I kind of think you're barking up the wrong tree. In my mothers time, religion was still ingrained in the educational system. Lots of people were upset when religion started being purged from the schools and honestly, I haven't seen an improvement in the following generations. I think parents expect the opposite from their kids schools. I think they do expect a certain level of propriety and morality to be instilled in schools but isn't it natural that you'd want it to coincide with what you believe as well? Who gets to make the call? Thats the problem.

This feels like a chicken or egg argument. Is our society a reflection of our educational system or vice versa. I think the latter.
I don't know why the small subset of teaching friends you have don't think schools are doing fine when it comes to teaching morality. Have you asked that specific question or are you equating their general opinion on how schools are with that much more limited question? My teacher friends have mixed opinions on teaching morality/ethics in the classroom although they all think it's important that the kids get some education in that space.

My point is that parents say they want ethics and morality until the principles end up supporting things that the parents themselves do not support. But that's a reflection on how the parents don't actually support the principles, not a problem with schools themselves.
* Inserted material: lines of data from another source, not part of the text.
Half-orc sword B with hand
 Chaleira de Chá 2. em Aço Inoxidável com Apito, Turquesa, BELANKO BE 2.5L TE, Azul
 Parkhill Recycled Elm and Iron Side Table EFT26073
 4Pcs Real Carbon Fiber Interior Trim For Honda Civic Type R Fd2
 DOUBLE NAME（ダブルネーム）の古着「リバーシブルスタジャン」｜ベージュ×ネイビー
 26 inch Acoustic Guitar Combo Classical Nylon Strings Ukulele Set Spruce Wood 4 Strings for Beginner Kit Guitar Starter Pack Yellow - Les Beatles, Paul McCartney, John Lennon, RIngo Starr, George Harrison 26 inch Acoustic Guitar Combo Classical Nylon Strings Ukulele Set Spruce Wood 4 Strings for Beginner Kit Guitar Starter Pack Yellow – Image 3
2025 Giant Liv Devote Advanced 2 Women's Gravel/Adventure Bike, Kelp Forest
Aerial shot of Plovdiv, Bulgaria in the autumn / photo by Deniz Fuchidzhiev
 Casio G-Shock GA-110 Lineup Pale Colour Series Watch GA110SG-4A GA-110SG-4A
So, they'll say "Yes, teach the principle of religious freedom!" Then the teacher starts teaching about how religions like Islam deserve to be treated equally to Christianity. Then those parents will say "Stop teaching that." They don't say "Stop teaching the principle," they say stop teaching the principle in the purest sense. Teach it with the biases that the parents have.

Well, there's no way to teach these principles with the parents biases in mind. Often the principles support positions that the parents don't agree with, not just the ones they agree with. THe blame belongs with the parents, not the school.

To use a more inflammatory example, imagine that short period immediately post-slavery America. The schools start teaching that black kids are the same as white kids. But the parents who don't believe that demand that the school stop "indoctrinating" their kids. Well, who's to blame there? The parents.

They don't want their kids to learning the purest form of the morals or ethics. They want their kids learning their parents' biases. Well, that's fine but they have to acknowledge that they're going to be holding society back because they're too selfish to think big picture. See, every household has its own biases.

If the school cannot present a universal place to eliminate those biases with the uncorrupted form of the principles then the society can only further fragment.
 
"Young adults who are ready for society" is such an arbitrary metric. Education should have tangible goals with testable proficiency in skills that matter. It shouldn't be a touchy feely character building exercise. Nothing will build character like hard work or having someone depend on you. You will learn much more about being ready for society when you land your first job than you will in the class room. The class room setting isn't as well equipped for that and it will be filtered through the lens of one person.